(Beginning of INFORMATION SUPPLIED)
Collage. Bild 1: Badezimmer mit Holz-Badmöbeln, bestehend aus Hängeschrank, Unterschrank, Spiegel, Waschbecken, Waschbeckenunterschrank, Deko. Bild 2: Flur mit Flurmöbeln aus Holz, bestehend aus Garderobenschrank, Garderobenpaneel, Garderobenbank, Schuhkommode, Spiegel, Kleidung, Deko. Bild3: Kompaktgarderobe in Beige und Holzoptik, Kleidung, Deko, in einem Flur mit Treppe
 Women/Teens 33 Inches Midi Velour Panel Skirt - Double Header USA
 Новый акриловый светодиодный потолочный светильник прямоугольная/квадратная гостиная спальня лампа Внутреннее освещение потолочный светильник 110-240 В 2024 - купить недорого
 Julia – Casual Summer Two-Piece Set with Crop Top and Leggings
(End of INFORMATION SUPPLIED)
#### TASK REQUIREMENTS:
Retype the material exactly, including every line.

#### RESPONSE TO THE TASK:
Collage. Bild 1: Badezimmer mit Holz-Badmöbeln, bestehend aus Hängeschrank, Unterschrank, Spiegel, Waschbecken, Waschbeckenunterschrank, Deko. Bild 2: Flur mit Flurmöbeln aus Holz, bestehend aus Garderobenschrank, Garderobenpaneel, Garderobenbank, Schuhkommode, Spiegel, Kleidung, Deko. Bild3: Kompaktgarderobe in Beige und Holzoptik, Kleidung, Deko, in einem Flur mit Treppe
 Women/Teens 33 Inches Midi Velour Panel Skirt - Double Header USA
 Новый акриловый светодиодный потолочный светильник прямоугольная/квадратная гостиная спальня лампа Внутреннее освещение потолочный светильник 110-240 В 2024 - купить недорого
 Julia – Casual Summer Two-Piece Set with Crop Top and Leggings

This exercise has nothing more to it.